This is pure genius to me at eight. I want more. The air is thick and smoky. Glasses clinking. Monks feet are tapping out the next number. Christian vamps “Guy’s Got To Go.” Irreverent and bebopping. They bounce in and out of the groove and you cannot tell when they will return from the sonic expedition. But they do. Monk pulls hard on his cigarette. Klook and Fenton don’t waste any time: “Lip’s Flip.” The new song breaks out of an old classic. The guys have pulled on the audience. Another tongue in cheek sonic escape from the brutality outside. Christian whips this melody around as they head into the back-straight. Monk hits a dissonant chord. splayed left hand and then a brilliant run as he signals Fenton and Klook to bring the guys home.
Word of the genius spreads. New York is abuzz. Not only about Christian, but about Klook and Monk, as well. The media want a piece of the action. So do the cops, as usual. Monk is dancing to the sounds he hears in his head. He is beginning to see music as well. His vision is horizontal and vertical. He sees also the space in between the sounds. He sees all of the song… as completely as he hears it. Its history and geography. He hears more than the math and science of the sound—he hears the whole sound. He hears the COMPLETE STRUCTURE of the song, not merely the notes and their sequences and intervals, but the COMPLETE ARCHITECTURE of the song. No one on God’s earth hears music this way. No one can compose and/or play music this way. Dizzy knows that. So does Bird. And Klook. Now Bud becomes an acolyte.

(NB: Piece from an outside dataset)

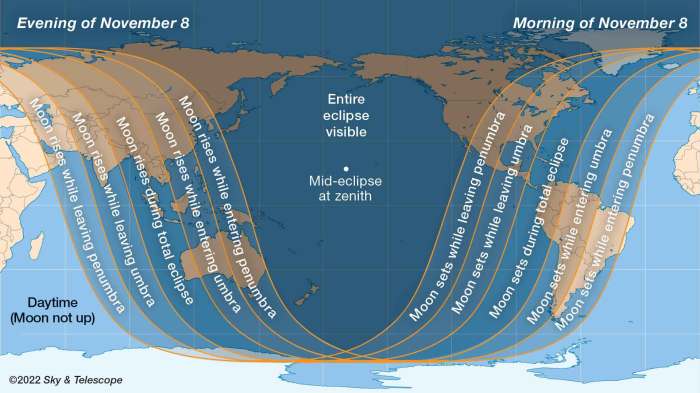 Total Eclipse 2025 How Long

So also does Lucky Millinder in 1942. And Bean, who employs Monk from 1943 to 1945; then Dizzy who kicks it bop-style through a big band through 1946. But for most, this is too much! Genius is always scary.
The gig’s up for now. Monk cracks a rare smile and he disappears into the darkness across 52nd Street.
Monk reinvents sonic architecture. The cops have other plans, but nothing can stop Monk. He records furiously. Shadow Wilson, Wilbur Ware, Pettiford and Blakey fatten the rhythm. Monk can do without everyone, really. He has perfected time. Alfred Lion takes a chance and launches Monk on the scene. Genius meets music. Monk is happy and unstoppable. He records furiously, then.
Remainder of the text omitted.